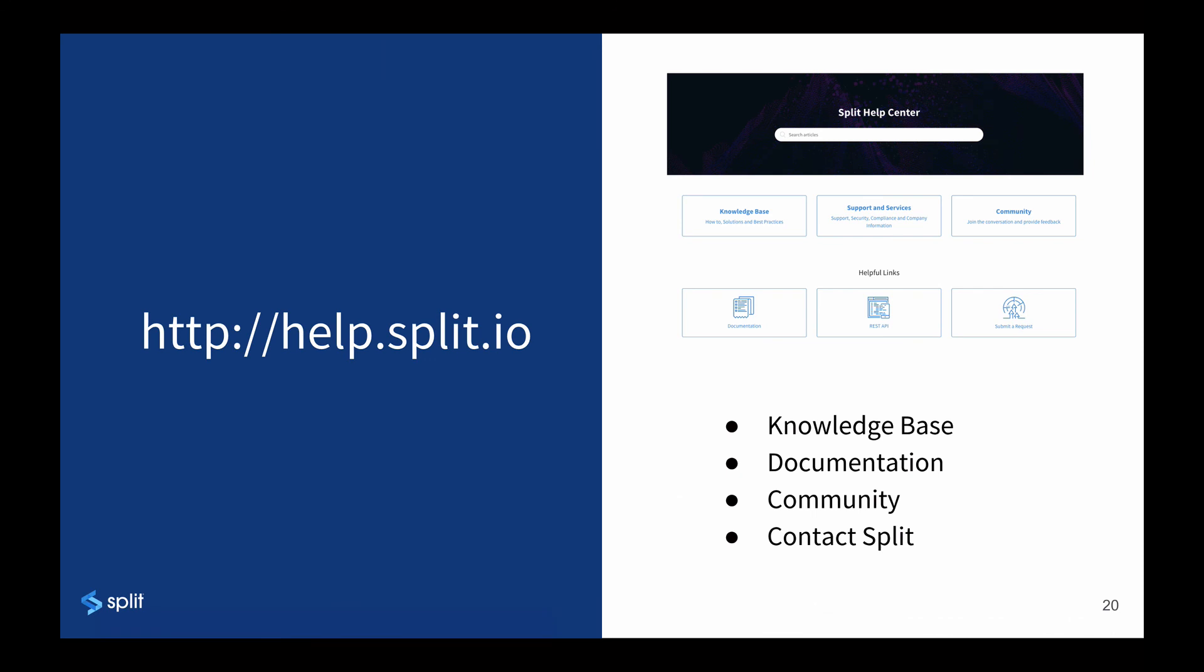You can go to help.split.io where you'll find more information along with links to documentation and our community. Thanks.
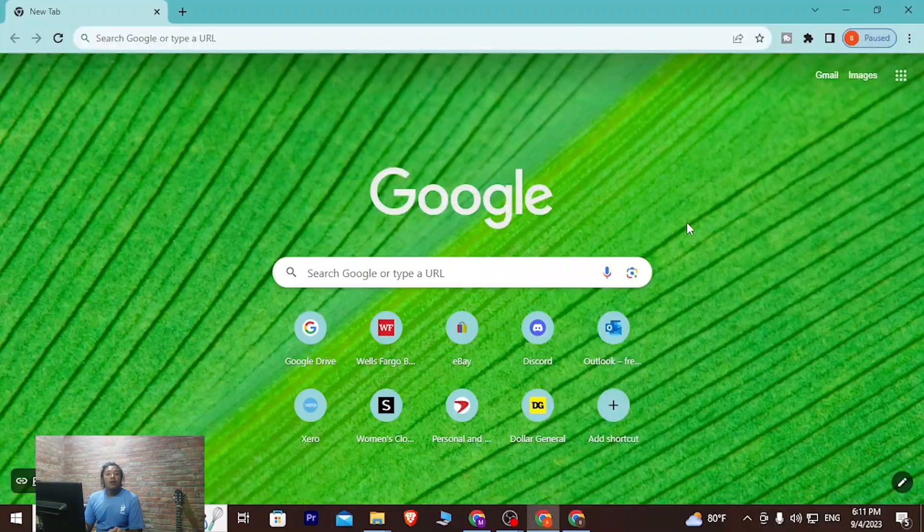Hey guys, welcome to Log Notes. Today I'll be showing you how to log into your MyChart account online on your computer. Now let's get started.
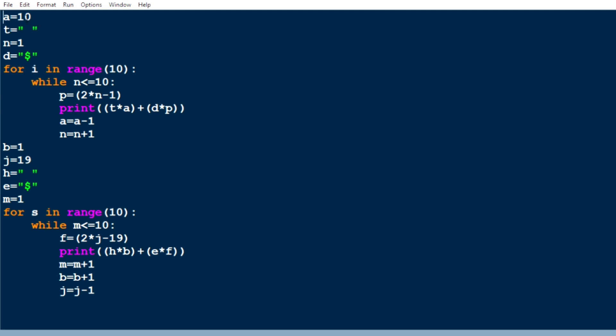Then we print 't' star 'a' — where 't' is a space character and 'a' is the number of spaces. We print the space ten times because in the first line there are ten spaces and one dollar. We are not only printing the ten spaces, but also printing a dollar sign.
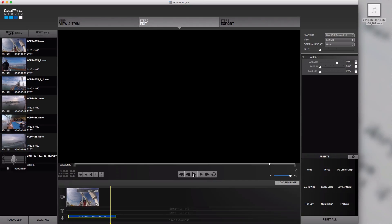Now, that voiceover doesn't really go with that video clip at all, but this is just a test. You could record anything you wanted to do a voiceover of your videos. And that, I think, is the easiest way to do it — just right there with your smartphone.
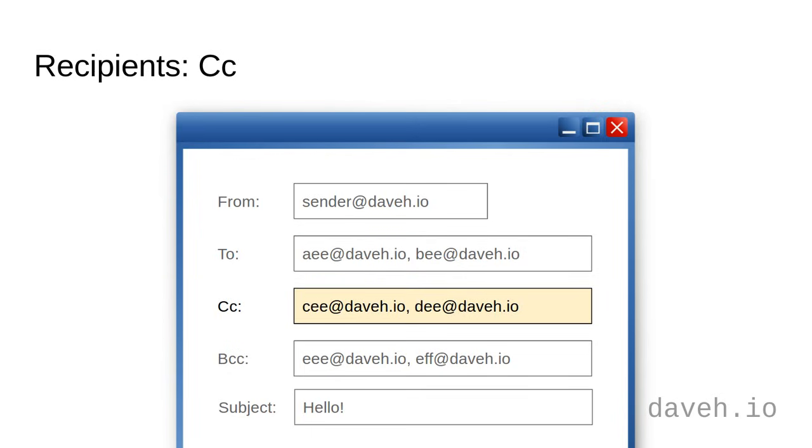When you put email addresses in the cc field, you're not addressing them directly in the email, just sending them a copy for their information. You can have as many email addresses as you like here as well, including none.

* YOUR INSTRUCTIONS: Beginning with the first line of the records and ending with the line that contains "Then we print", reproduce every line exactly, omitting pictures and adding nothing.

* TASK OUTPUT:
You can go to help.split.io where you'll find more information along with links to documentation and our community. Thanks.
Hey guys, welcome to Log Notes. Today I'll be showing you how to log into your MyChart account online on your computer. Now let's get started.
Then we print 't' star 'a' — where 't' is a space character and 'a' is the number of spaces. We print the space ten times because in the first line there are ten spaces and one dollar. We are not only printing the ten spaces, but also printing a dollar sign.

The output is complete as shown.